Asking cause the lower output doesn’t seem to matter much for my (shooting) use case, ODL20C vs SST20 Convoy S2+ actually didn’t seem like a big difference visibility wise @80 yards but the color and ability to tell things apart was better with high cri/r9
~800 lumens would be fine but I need a beam a little more focused than Convoy S2+ (sst20), bigger is better since heat dissipation and runtime matters
I wish low cri lights and emitters would die, so useless
The sad thing is that all the high CRI thrower LEDs seem to have major issues.
XP-L HI - not tint lover’s favourite and no cooler than 3000K
SST-20 - not tint lover’s favourite and needs dedoming (which is not particularly easy due to high bond wires) to throw
Luxeon Z ES - OK but not particularly good LED, quite obscure
Luxeon CZ - untested, should be nowhere near White Flat but for high CRI quite OK
That’s all I’m aware of.
There are some LEPs with high CRI. These may have potential but are quite immature so far.

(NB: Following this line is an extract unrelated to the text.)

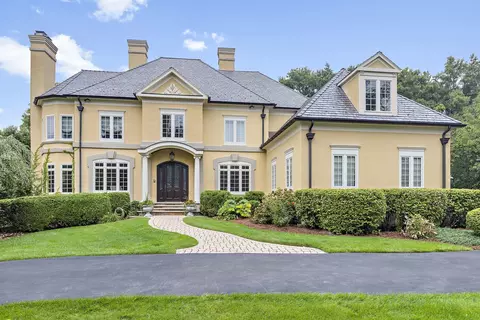 28 Deverell Dr, North Barrington, IL 60010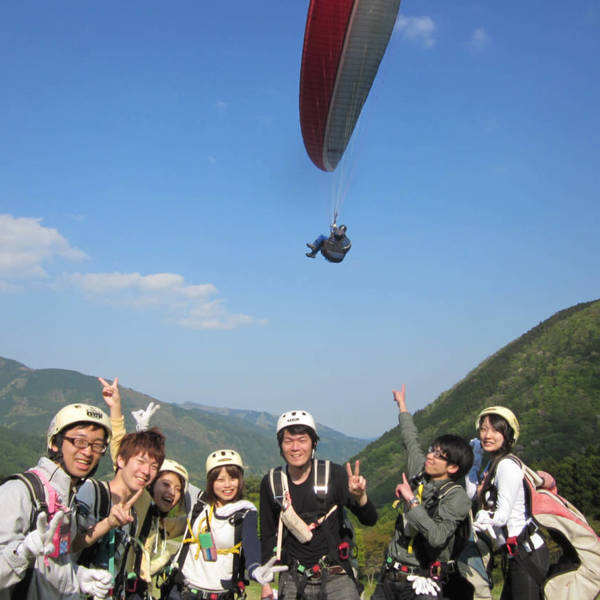 パラグライダー半日コース の体験ギフト Esdパラグライダースクール 吾川スカイパーク 所要時間 180分 2人向け 高知県 体を動かす楽しみギフト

The issue with Cree is R9, it’s more important than basic CRI. I don’t even know what the R9 on those is but this ODL20C’s XHP HI is definitely really low.
Check out the Nightwatch NS22 Seeker on Neal’s Gadgets. 27 euro, reflector is very good and C8 size, available in SST20 4000/3000K 95CRI, and even with dome (I bought the 3000K version) I found it remarkably throwy.
Don’t neutral white and cool white emitters tend to be more efficient than warm white hi CRI emitters?
Warm tints have a useful impact to the eye mostly for near field illumination. Long range, not so much. And with NW or CW producing more light… isn’t that the high priority, for longer range illumination?
My understanding is that warm light is more appealing at low intensity, and cool for high intensity.
The problem with these high intensity low CRI lights is they aren’t useful for much besides seeing the outline. The color is just so wrong, and your brain takes longer to distinguish say, a young coon from a barn cat. A puddle of runoff from horse piss/poo was almost totally yellow with a tinge of brown to the XHP HI, while the SST20 was yellow+deep reddish brown like the puddle was in the morning daylight. Even up fairly close the coon’s color was washed out, and tinged blue. Low CRI blue lights are absolutely way worse than low cri warm lights, even though I prefer neutral/slightly cool.
Low CRI lights are horrible with red and brown usually. Even greens are off with the ODL20C.
Personally I prefer ~5000k but the only thing for that is the Optisolis nobody is using.
Completely agree. CRI 70 vs 90 is not easy to detect visually if R9 is the same. However, a high R9 vs low R9 is very easy to detect and makes a world of a difference. To me, negative DUV and high R9 makes the biggest difference in light quality.
I didn’t know it, thanks!
I see that there’s CRI90 from 2700K all the way to 7000K.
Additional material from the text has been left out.